Secondo quanto riporta il quotidiano sammarinese “L’informazione”, la magistratura italiana avrebbe inviato una richiesta di rogatoria sul Titano nell’ambito delle indagini sul fallimento di “Editrice La Voce srl” amministrata da Gianni Celli, che sarebbe indagato per bancarotta fraudolenta e malversazione a danno dello Stato.
Secondo l’accusa della magistratura italiana, per il primo reato Celli avrebbe posto in atto una sistematica, generalizzata e diffusa attività distrattiva, trasferendo quasi dieci milioni di euro, senza alcuna plausibile motivazione economica-aziendale, da La Voce ad altre società del suo gruppo, in particolare a “La Mia Terra scrl”, “La Casa scrl”, “Spi srl”, “Coop Borgo Blu”, “Acta Europa srl”, “Caffè Italiano srl”, “Edilborgo Blu” e “Bella Stampa”. Tutte queste società sono riconducibili a Gianni Celli.
“La Mia Terra scrl” è la capogruppo della galassia Celli e vede come soci il patron Gianni e i suoi familiari; “Spi srl” è la società che si occupava della pubblicità su “La Voce di Romagna”; “Caffé italiano” è una società fallita che gestiva un albergo di Riccione – già di proprietà tra gli altri di Celli – di cui era amministratore uno dei figli di Celli; “Bella Stampa” è una srl, anche questa fallita di recente, che editava, ma il nome appare ancora in gerenza, il sito “Romagna Noi”, legato a “La Voce di Romagna”.
Per il secondo reato i magistrati italiani ipotizzano che Celli abbia girato 3,5 milioni di euro, ottenuti come contributi pubblici dal Dipartimento per l’informazione e l’editoria della Presidenza del Consiglio dei Ministri, alla società cooperativa “La Mia Terra”. Quindi, secondo l’accusa, questi soldi non sarebbero stati destinati alle finalità per cui erano stati stanziati.
Complessivamente la cifra su cui si indaga per bancarotta fraudolenta e malversazione ai danni dello Stato è di 13 milioni e mezzo di euro.

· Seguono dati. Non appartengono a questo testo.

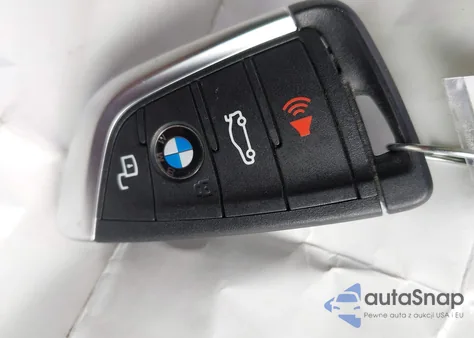 2022 BMW X3 xDrive30I z USA, uszkodzony, nr VIN 5UX53DP05N9M09803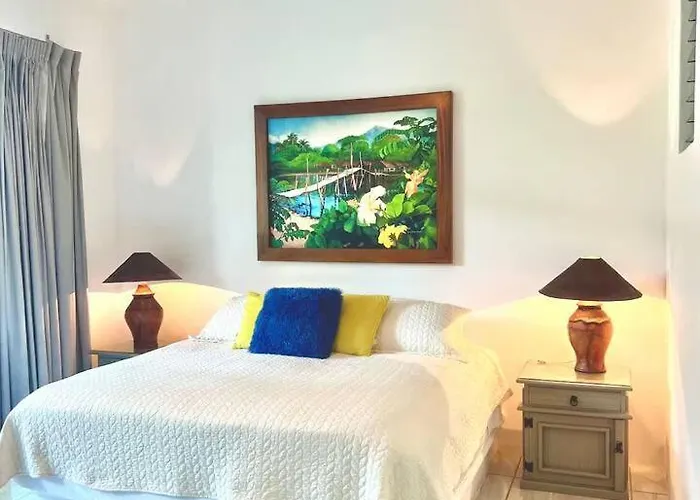 Aparthotel Mimosa Edificio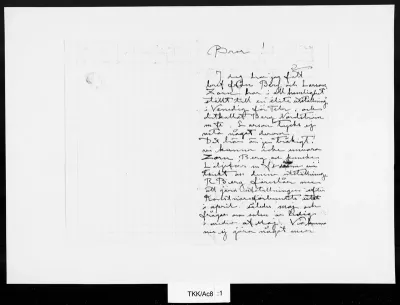 TKK/Ac8, Acke, J.A.G., 3.12.1894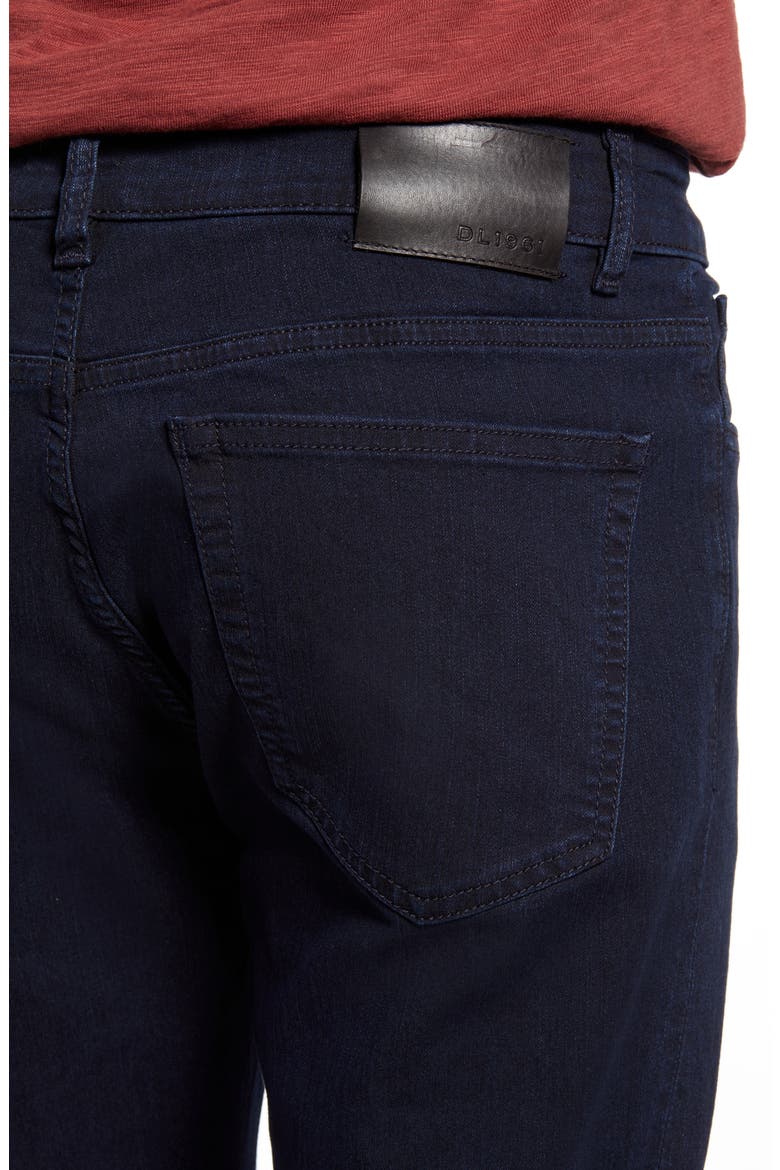 Nick Slim Fit Jeans, Alternate, color, SQUIRE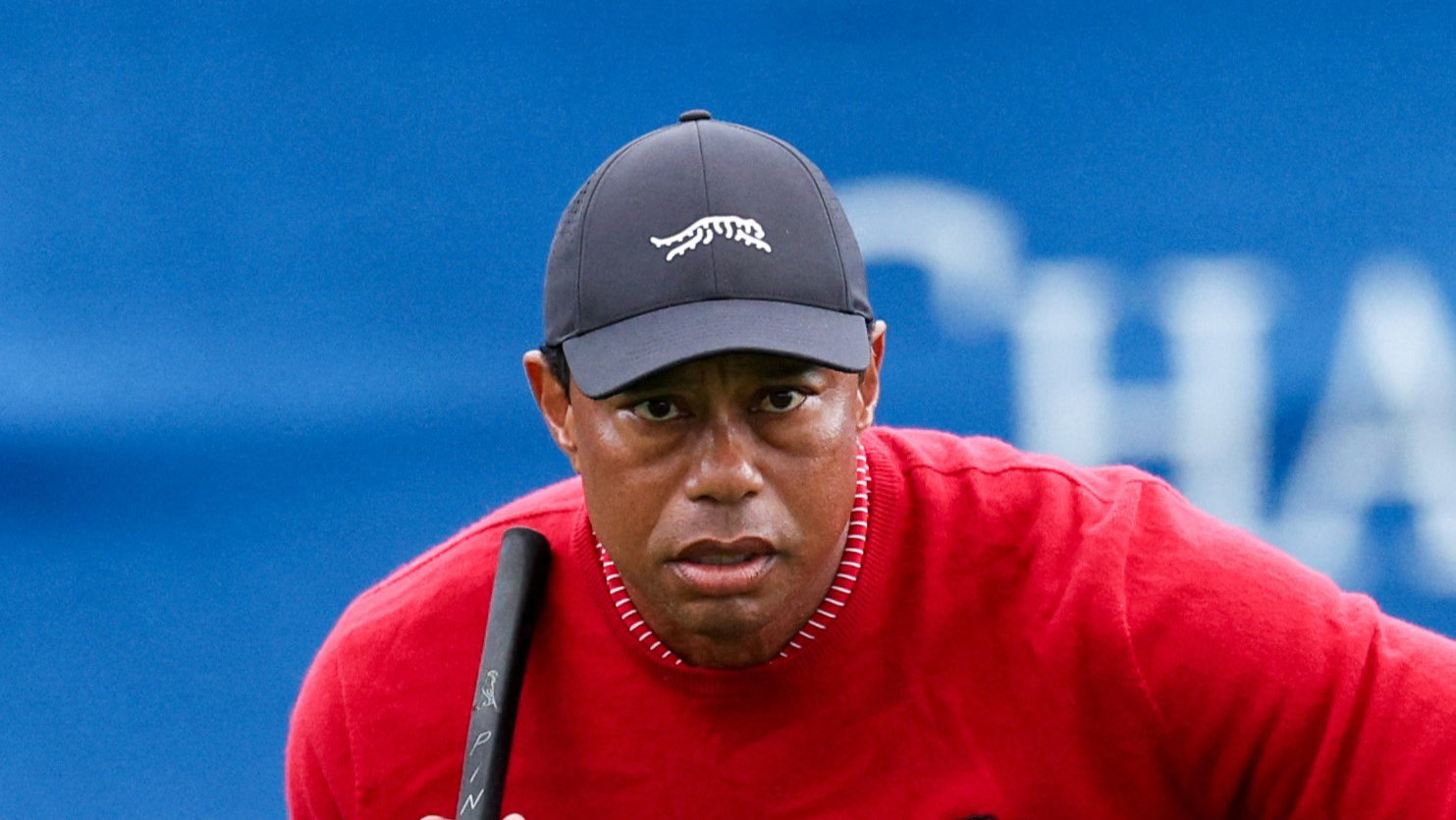 Tiger Woods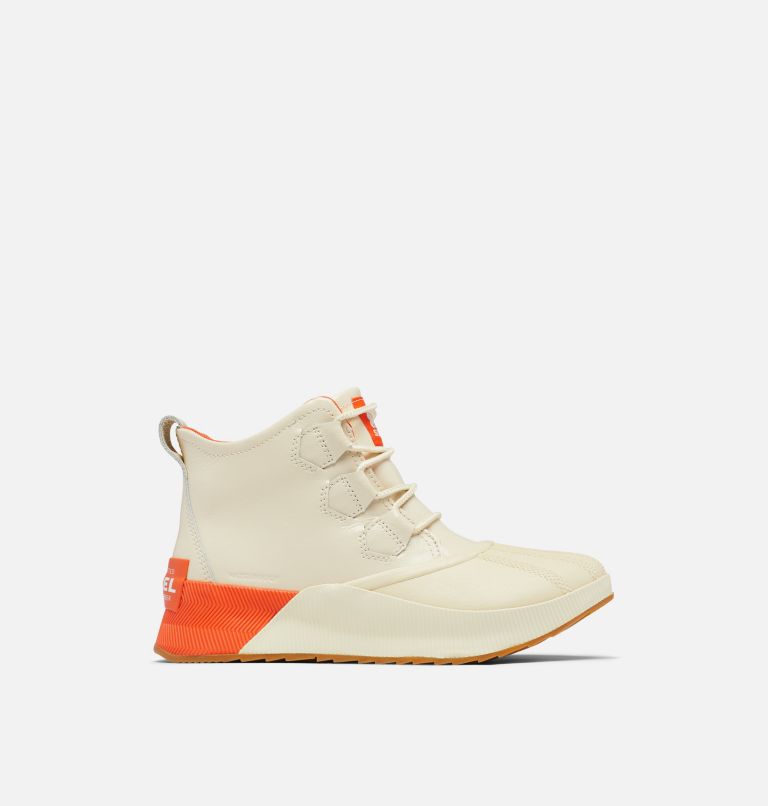 Thumbnail: Women's Out N About III Classic Boot, Color: Bleached Ceramic, Optimized Orange, image 1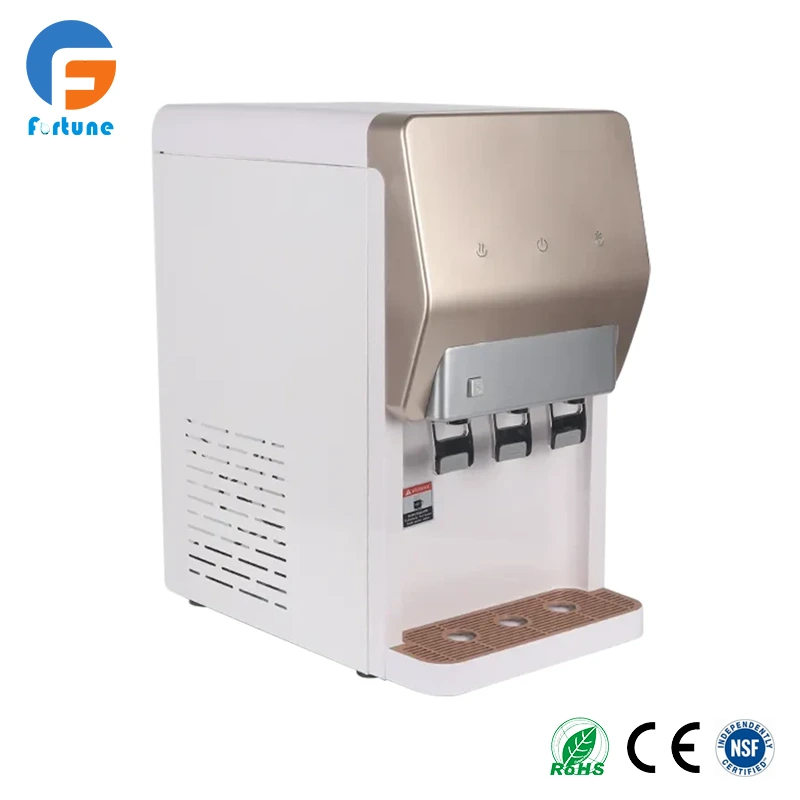 Stainless Steel Pipeline Water Dispenser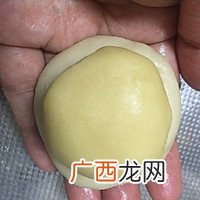 清真苏式月饼~玫瑰糯米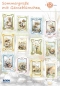 Preview: Reddy Cards Bastelset Sommergrüße mit Gänseblümchen
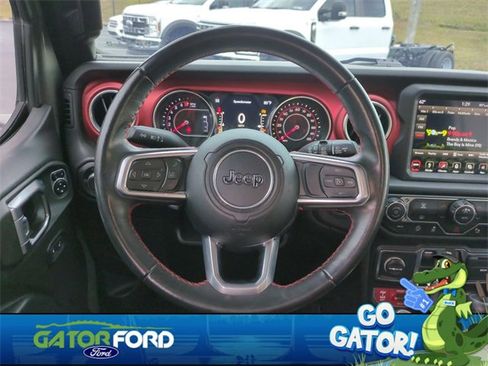 Used 2019 Jeep Wrangler Unlimited Rubicon image 15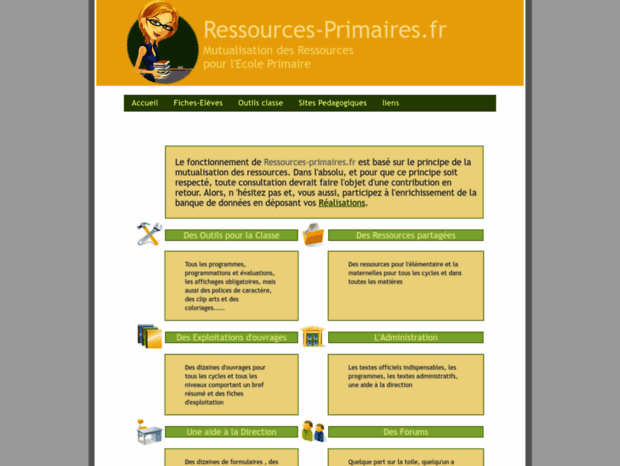 ressources-primaires.fr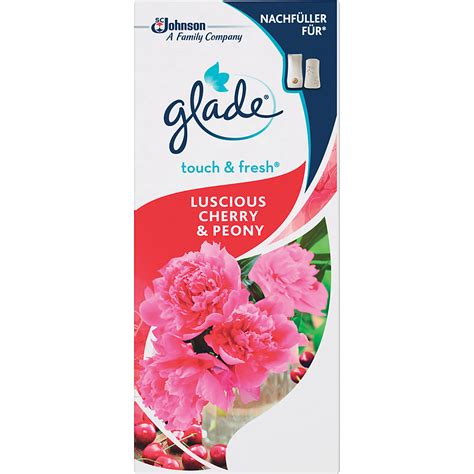 Achat Glade D Sodorisant D Ambiance Minispray Touch Fresh Recharge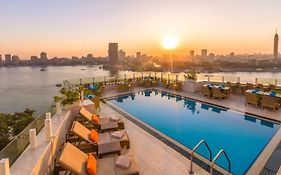 Kempinski Nile Hotel Kairo Exterior photo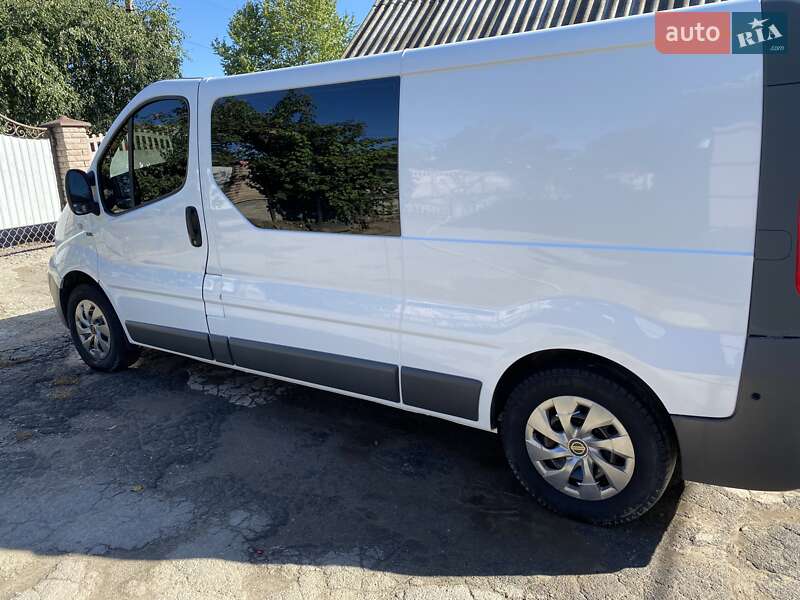 Минивэн Nissan Primastar 2010 в Виннице фото 2 Минивэн Nissan Primastar 2010 в Виннице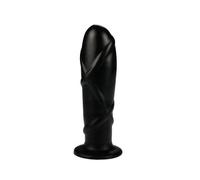 Plug Anal black XL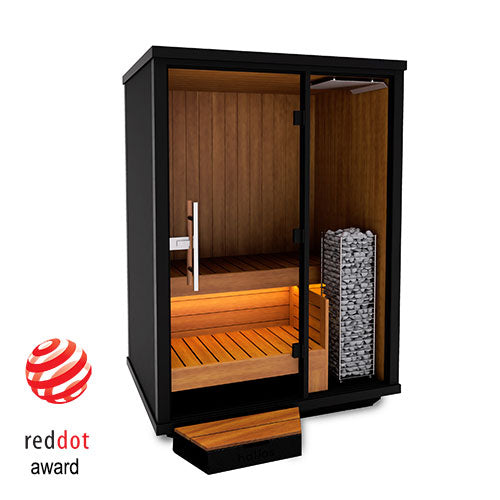 Hele Nano Outdoor Garden Sauna - main product view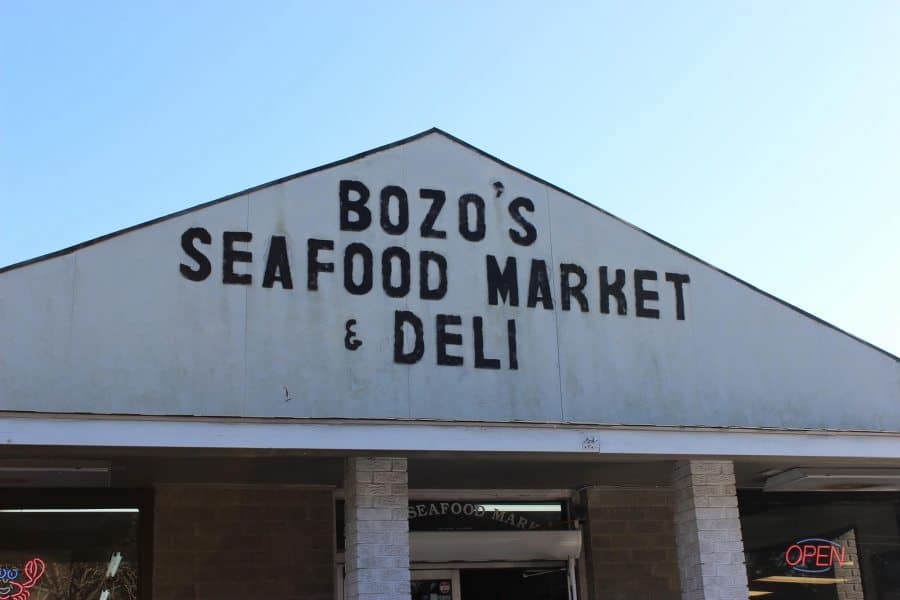 Bozo’s Market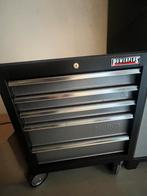 Gereedschapskast met wieltjes van Powerplus, Doe-het-zelf en Verbouw, Gereedschapskisten, Ophalen of Verzenden, Nieuw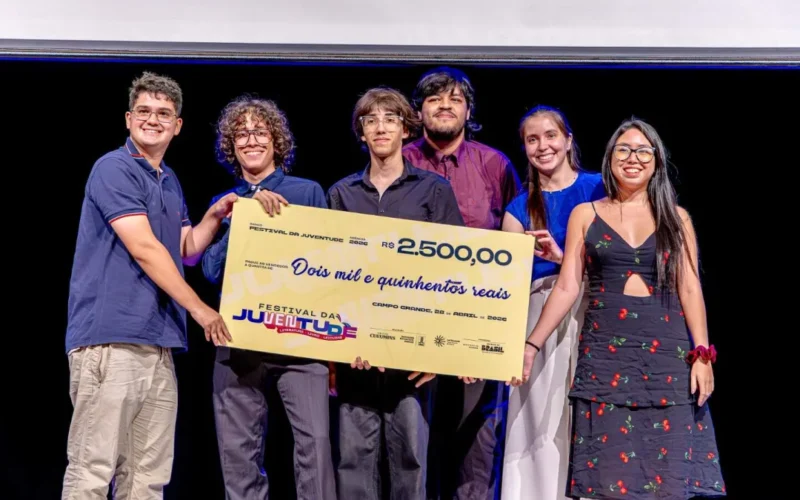 Festival da Juventude lança antologia com 23 novos escritores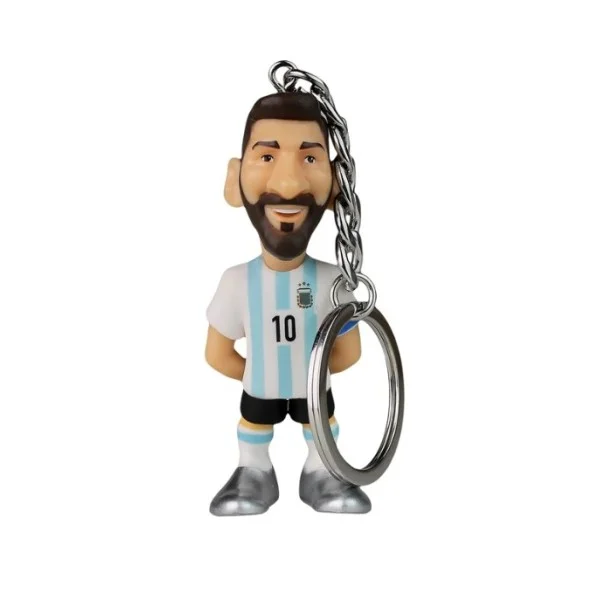 Minix Argentina Keyring 7cm, Messi - 24667-T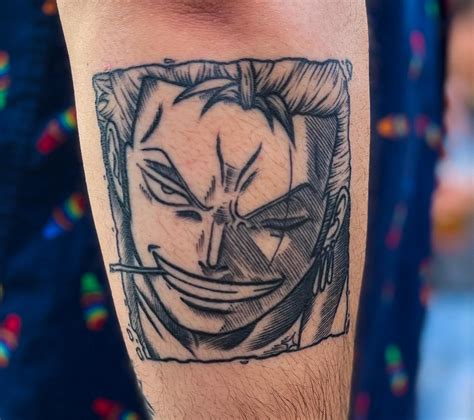 Update 69+ one piece zoro tattoo best - in.cdgdbentre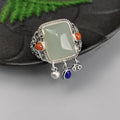 Elegant Silver Ring for Every Occasion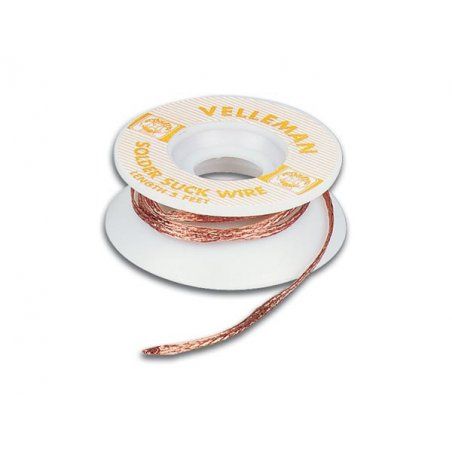 Velleman DESOLDER solder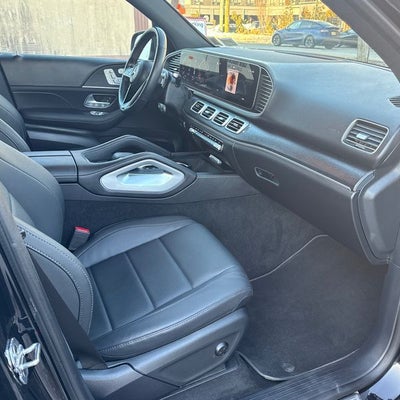 2025 Mercedes-Benz GLE GLE 350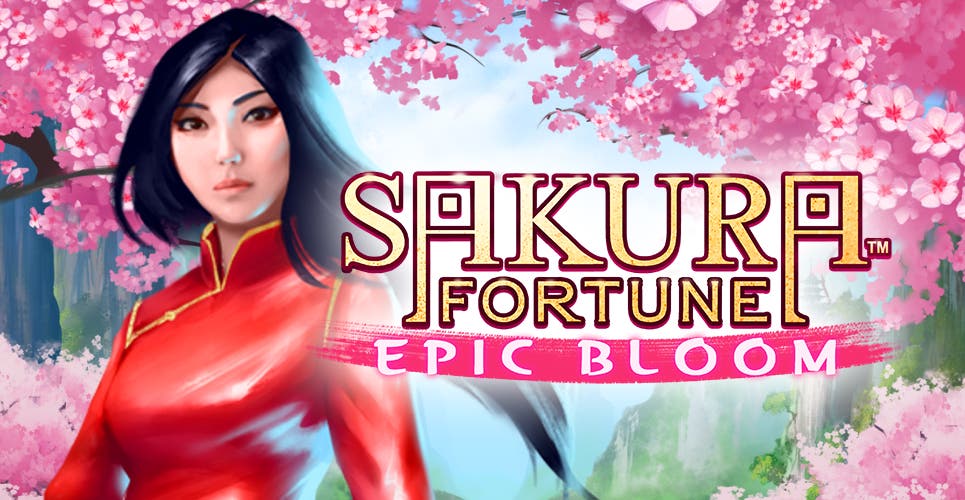 Sakura Fortune Epic Bloom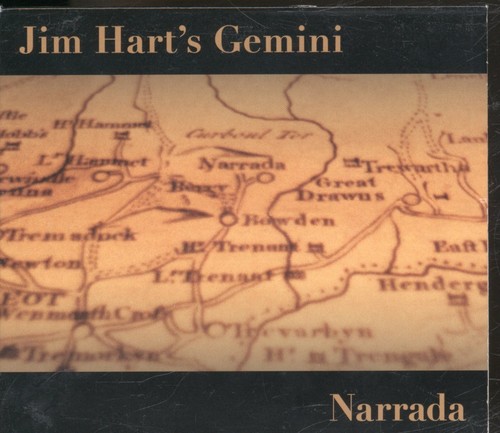 Gemini narrada jim hart - narrada,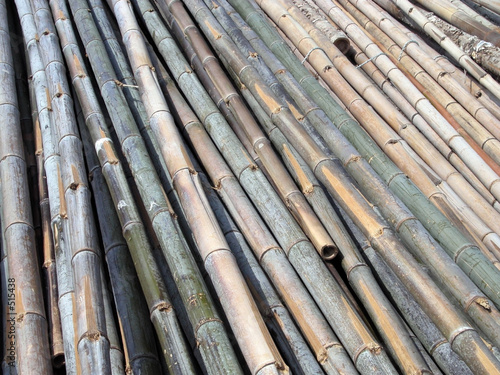bamboo girders texture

Nel corso degli anni La Voce di Romagna ha ottenuto circa 20 milioni di euro di contributi pubblici. La società guidata da Gianni Celli è stata dichiarata fallita all’inizio di luglio 2015. Nel fallimento le richieste dei creditori ammontavano a 14 milioni e mezzo; il curatore ha ammesso allo stato passivo 12 milioni e 800mila euro. In cassa non c’è praticamente nulla.
Secondo la procura italiana Celli avrebbe trasferito “cospicue somme” di denaro a San Marino, da qui la richiesta di rogatoria per chiedere, appunto, aiuto alla magistratura sammarinese che ha disposto indagini su istituti bancari, società finanziarie per capire dove sono finiti questi soldi. Inoltre sarebbero stati chiesti accertamenti presso l’ufficio Industria e presso la cancelleria commerciale per capire se Celli abbia imprese o se ricopra cariche in altre società sammarinesi.
Nel corso della prima udienza del fallimento in febbraio un gruppo di dipendenti de La Voce di Romagna aveva protestato all’esterno del tribunale distribuendo un numero unico de “L’Urlo di Romagna” dove si ripercorrevano le vicissitudini degli ultimi anni del quotidiano. Durante la seconda udienza di marzo fu invece distribuito “Lo Sdegno di Romagna” in cui si sottolineava come, nonostante il fallimento e le inchieste in corso, Gianni Celli continuasse a fare l’editore. “La Voce di Romagna” ha infatti adesso come editore Edizioni delle Romagne, società dei figli di Gianni Celli. Tra gli altri soci, con quote assai modeste, alcuni nomi illustri dell’economia romagnola, che adesso non saranno probabilmente contenti davanti alla piega che la vicenda sta prendendo. Tra i soci di Edizioni delle Romagne c’è anche la società “La Casa” di cui lo stesso Gianni Celli, in base all’ultima documentazione depositata, risultava come amministratore unico. (e.d.)